- [What you should do]: Please set down every record exactly as it appears below.
┏━━
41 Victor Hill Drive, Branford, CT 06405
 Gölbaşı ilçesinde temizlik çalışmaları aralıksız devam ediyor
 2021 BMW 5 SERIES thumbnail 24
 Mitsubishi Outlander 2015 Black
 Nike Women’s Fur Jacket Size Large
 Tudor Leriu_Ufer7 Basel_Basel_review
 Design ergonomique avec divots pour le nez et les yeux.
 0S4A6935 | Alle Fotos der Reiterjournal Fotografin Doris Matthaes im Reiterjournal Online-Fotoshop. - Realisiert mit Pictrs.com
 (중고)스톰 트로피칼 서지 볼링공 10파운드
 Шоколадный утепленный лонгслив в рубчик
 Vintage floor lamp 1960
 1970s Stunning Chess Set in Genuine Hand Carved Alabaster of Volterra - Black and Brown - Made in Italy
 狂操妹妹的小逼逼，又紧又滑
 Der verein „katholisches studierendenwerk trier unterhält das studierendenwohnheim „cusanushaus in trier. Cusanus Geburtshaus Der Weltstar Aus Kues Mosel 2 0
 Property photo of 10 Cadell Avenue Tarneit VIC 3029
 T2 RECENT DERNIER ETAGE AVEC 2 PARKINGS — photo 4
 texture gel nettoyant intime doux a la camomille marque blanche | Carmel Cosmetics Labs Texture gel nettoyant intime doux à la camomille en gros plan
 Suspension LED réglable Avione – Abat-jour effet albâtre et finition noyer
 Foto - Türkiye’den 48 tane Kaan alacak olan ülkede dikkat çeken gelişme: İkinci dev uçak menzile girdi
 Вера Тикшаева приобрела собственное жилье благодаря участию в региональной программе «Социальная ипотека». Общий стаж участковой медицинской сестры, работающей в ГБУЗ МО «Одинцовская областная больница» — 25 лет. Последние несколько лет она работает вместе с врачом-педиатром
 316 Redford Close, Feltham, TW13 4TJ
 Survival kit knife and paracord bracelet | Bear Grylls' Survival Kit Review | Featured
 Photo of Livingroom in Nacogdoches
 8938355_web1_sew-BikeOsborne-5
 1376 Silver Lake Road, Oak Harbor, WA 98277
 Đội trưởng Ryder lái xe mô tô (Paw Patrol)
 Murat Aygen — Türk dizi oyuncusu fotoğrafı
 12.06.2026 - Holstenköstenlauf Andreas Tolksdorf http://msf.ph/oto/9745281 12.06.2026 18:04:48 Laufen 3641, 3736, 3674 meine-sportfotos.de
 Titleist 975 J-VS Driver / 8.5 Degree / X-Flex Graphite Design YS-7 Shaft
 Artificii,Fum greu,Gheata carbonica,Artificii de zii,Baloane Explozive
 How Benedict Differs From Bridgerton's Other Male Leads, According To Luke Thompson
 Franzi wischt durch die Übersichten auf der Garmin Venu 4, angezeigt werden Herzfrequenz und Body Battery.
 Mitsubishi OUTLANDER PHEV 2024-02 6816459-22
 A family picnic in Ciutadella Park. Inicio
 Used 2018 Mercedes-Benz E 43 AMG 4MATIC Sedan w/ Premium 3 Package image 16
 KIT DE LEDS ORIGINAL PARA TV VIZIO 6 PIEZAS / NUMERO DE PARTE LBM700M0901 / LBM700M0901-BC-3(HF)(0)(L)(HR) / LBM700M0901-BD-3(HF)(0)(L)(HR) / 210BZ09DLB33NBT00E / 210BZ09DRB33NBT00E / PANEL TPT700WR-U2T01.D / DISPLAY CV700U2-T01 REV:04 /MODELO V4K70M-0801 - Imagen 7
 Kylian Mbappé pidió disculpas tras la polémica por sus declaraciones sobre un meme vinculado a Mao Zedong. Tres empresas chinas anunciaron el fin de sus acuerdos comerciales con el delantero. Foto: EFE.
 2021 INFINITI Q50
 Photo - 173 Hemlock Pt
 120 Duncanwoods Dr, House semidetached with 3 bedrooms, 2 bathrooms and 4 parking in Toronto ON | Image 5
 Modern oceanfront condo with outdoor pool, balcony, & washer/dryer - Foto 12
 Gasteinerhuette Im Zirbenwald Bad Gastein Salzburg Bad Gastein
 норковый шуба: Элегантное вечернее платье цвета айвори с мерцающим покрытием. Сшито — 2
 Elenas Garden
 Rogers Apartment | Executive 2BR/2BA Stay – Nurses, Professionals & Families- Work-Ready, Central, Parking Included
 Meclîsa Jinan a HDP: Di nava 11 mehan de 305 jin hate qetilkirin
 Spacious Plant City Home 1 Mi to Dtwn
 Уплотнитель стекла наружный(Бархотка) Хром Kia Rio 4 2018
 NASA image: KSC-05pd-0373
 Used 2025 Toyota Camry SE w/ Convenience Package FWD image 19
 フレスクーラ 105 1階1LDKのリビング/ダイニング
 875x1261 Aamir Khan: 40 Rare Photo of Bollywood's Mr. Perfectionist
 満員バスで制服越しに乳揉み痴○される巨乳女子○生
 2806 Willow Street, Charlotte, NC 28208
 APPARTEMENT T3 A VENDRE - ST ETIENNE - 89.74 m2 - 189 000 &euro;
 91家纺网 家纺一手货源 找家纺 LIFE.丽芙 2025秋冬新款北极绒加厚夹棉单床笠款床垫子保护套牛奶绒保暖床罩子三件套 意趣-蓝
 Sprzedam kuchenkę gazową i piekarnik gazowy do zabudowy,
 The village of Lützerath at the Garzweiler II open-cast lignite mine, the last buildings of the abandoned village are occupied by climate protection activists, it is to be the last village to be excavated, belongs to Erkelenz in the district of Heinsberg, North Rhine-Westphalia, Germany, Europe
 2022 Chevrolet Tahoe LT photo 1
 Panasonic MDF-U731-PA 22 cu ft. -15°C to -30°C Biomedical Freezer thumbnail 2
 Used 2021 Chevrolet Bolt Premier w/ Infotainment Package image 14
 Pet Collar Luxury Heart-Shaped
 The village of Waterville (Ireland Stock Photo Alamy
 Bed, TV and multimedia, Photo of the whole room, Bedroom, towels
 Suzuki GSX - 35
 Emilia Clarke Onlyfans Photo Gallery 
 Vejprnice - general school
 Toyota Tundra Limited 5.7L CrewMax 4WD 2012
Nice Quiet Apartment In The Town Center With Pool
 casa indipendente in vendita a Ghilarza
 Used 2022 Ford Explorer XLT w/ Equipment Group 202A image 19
┗━━
- [Task output]:
41 Victor Hill Drive, Branford, CT 06405
 Gölbaşı ilçesinde temizlik çalışmaları aralıksız devam ediyor
 2021 BMW 5 SERIES thumbnail 24
 Mitsubishi Outlander 2015 Black
 Nike Women’s Fur Jacket Size Large
 Tudor Leriu_Ufer7 Basel_Basel_review
 Design ergonomique avec divots pour le nez et les yeux.
 0S4A6935 | Alle Fotos der Reiterjournal Fotografin Doris Matthaes im Reiterjournal Online-Fotoshop. - Realisiert mit Pictrs.com
 (중고)스톰 트로피칼 서지 볼링공 10파운드
 Шоколадный утепленный лонгслив в рубчик
 Vintage floor lamp 1960
 1970s Stunning Chess Set in Genuine Hand Carved Alabaster of Volterra - Black and Brown - Made in Italy
 狂操妹妹的小逼逼，又紧又滑
 Der verein „katholisches studierendenwerk trier unterhält das studierendenwohnheim „cusanushaus in trier. Cusanus Geburtshaus Der Weltstar Aus Kues Mosel 2 0
 Property photo of 10 Cadell Avenue Tarneit VIC 3029
 T2 RECENT DERNIER ETAGE AVEC 2 PARKINGS — photo 4
 texture gel nettoyant intime doux a la camomille marque blanche | Carmel Cosmetics Labs Texture gel nettoyant intime doux à la camomille en gros plan
 Suspension LED réglable Avione – Abat-jour effet albâtre et finition noyer
 Foto - Türkiye’den 48 tane Kaan alacak olan ülkede dikkat çeken gelişme: İkinci dev uçak menzile girdi
 Вера Тикшаева приобрела собственное жилье благодаря участию в региональной программе «Социальная ипотека». Общий стаж участковой медицинской сестры, работающей в ГБУЗ МО «Одинцовская областная больница» — 25 лет. Последние несколько лет она работает вместе с врачом-педиатром
 316 Redford Close, Feltham, TW13 4TJ
 Survival kit knife and paracord bracelet | Bear Grylls' Survival Kit Review | Featured
 Photo of Livingroom in Nacogdoches
 8938355_web1_sew-BikeOsborne-5
 1376 Silver Lake Road, Oak Harbor, WA 98277
 Đội trưởng Ryder lái xe mô tô (Paw Patrol)
 Murat Aygen — Türk dizi oyuncusu fotoğrafı
 12.06.2026 - Holstenköstenlauf Andreas Tolksdorf http://msf.ph/oto/9745281 12.06.2026 18:04:48 Laufen 3641, 3736, 3674 meine-sportfotos.de
 Titleist 975 J-VS Driver / 8.5 Degree / X-Flex Graphite Design YS-7 Shaft
 Artificii,Fum greu,Gheata carbonica,Artificii de zii,Baloane Explozive
 How Benedict Differs From Bridgerton's Other Male Leads, According To Luke Thompson
 Franzi wischt durch die Übersichten auf der Garmin Venu 4, angezeigt werden Herzfrequenz und Body Battery.
 Mitsubishi OUTLANDER PHEV 2024-02 6816459-22
 A family picnic in Ciutadella Park. Inicio
 Used 2018 Mercedes-Benz E 43 AMG 4MATIC Sedan w/ Premium 3 Package image 16
 KIT DE LEDS ORIGINAL PARA TV VIZIO 6 PIEZAS / NUMERO DE PARTE LBM700M0901 / LBM700M0901-BC-3(HF)(0)(L)(HR) / LBM700M0901-BD-3(HF)(0)(L)(HR) / 210BZ09DLB33NBT00E / 210BZ09DRB33NBT00E / PANEL TPT700WR-U2T01.D / DISPLAY CV700U2-T01 REV:04 /MODELO V4K70M-0801 - Imagen 7
 Kylian Mbappé pidió disculpas tras la polémica por sus declaraciones sobre un meme vinculado a Mao Zedong. Tres empresas chinas anunciaron el fin de sus acuerdos comerciales con el delantero. Foto: EFE.
 2021 INFINITI Q50
 Photo - 173 Hemlock Pt
 120 Duncanwoods Dr, House semidetached with 3 bedrooms, 2 bathrooms and 4 parking in Toronto ON | Image 5
 Modern oceanfront condo with outdoor pool, balcony, & washer/dryer - Foto 12
 Gasteinerhuette Im Zirbenwald Bad Gastein Salzburg Bad Gastein
 норковый шуба: Элегантное вечернее платье цвета айвори с мерцающим покрытием. Сшито — 2
 Elenas Garden
 Rogers Apartment | Executive 2BR/2BA Stay – Nurses, Professionals & Families- Work-Ready, Central, Parking Included
 Meclîsa Jinan a HDP: Di nava 11 mehan de 305 jin hate qetilkirin
 Spacious Plant City Home 1 Mi to Dtwn
 Уплотнитель стекла наружный(Бархотка) Хром Kia Rio 4 2018
 NASA image: KSC-05pd-0373
 Used 2025 Toyota Camry SE w/ Convenience Package FWD image 19
 フレスクーラ 105 1階1LDKのリビング/ダイニング
 875x1261 Aamir Khan: 40 Rare Photo of Bollywood's Mr. Perfectionist
 満員バスで制服越しに乳揉み痴○される巨乳女子○生
 2806 Willow Street, Charlotte, NC 28208
 APPARTEMENT T3 A VENDRE - ST ETIENNE - 89.74 m2 - 189 000 &euro;
 91家纺网 家纺一手货源 找家纺 LIFE.丽芙 2025秋冬新款北极绒加厚夹棉单床笠款床垫子保护套牛奶绒保暖床罩子三件套 意趣-蓝
 Sprzedam kuchenkę gazową i piekarnik gazowy do zabudowy,
 The village of Lützerath at the Garzweiler II open-cast lignite mine, the last buildings of the abandoned village are occupied by climate protection activists, it is to be the last village to be excavated, belongs to Erkelenz in the district of Heinsberg, North Rhine-Westphalia, Germany, Europe
 2022 Chevrolet Tahoe LT photo 1
 Panasonic MDF-U731-PA 22 cu ft. -15°C to -30°C Biomedical Freezer thumbnail 2
 Used 2021 Chevrolet Bolt Premier w/ Infotainment Package image 14
 Pet Collar Luxury Heart-Shaped
 The village of Waterville (Ireland Stock Photo Alamy
 Bed, TV and multimedia, Photo of the whole room, Bedroom, towels
 Suzuki GSX - 35
 Emilia Clarke Onlyfans Photo Gallery 
 Vejprnice - general school
 Toyota Tundra Limited 5.7L CrewMax 4WD 2012
Nice Quiet Apartment In The Town Center With Pool
 casa indipendente in vendita a Ghilarza
 Used 2022 Ford Explorer XLT w/ Equipment Group 202A image 19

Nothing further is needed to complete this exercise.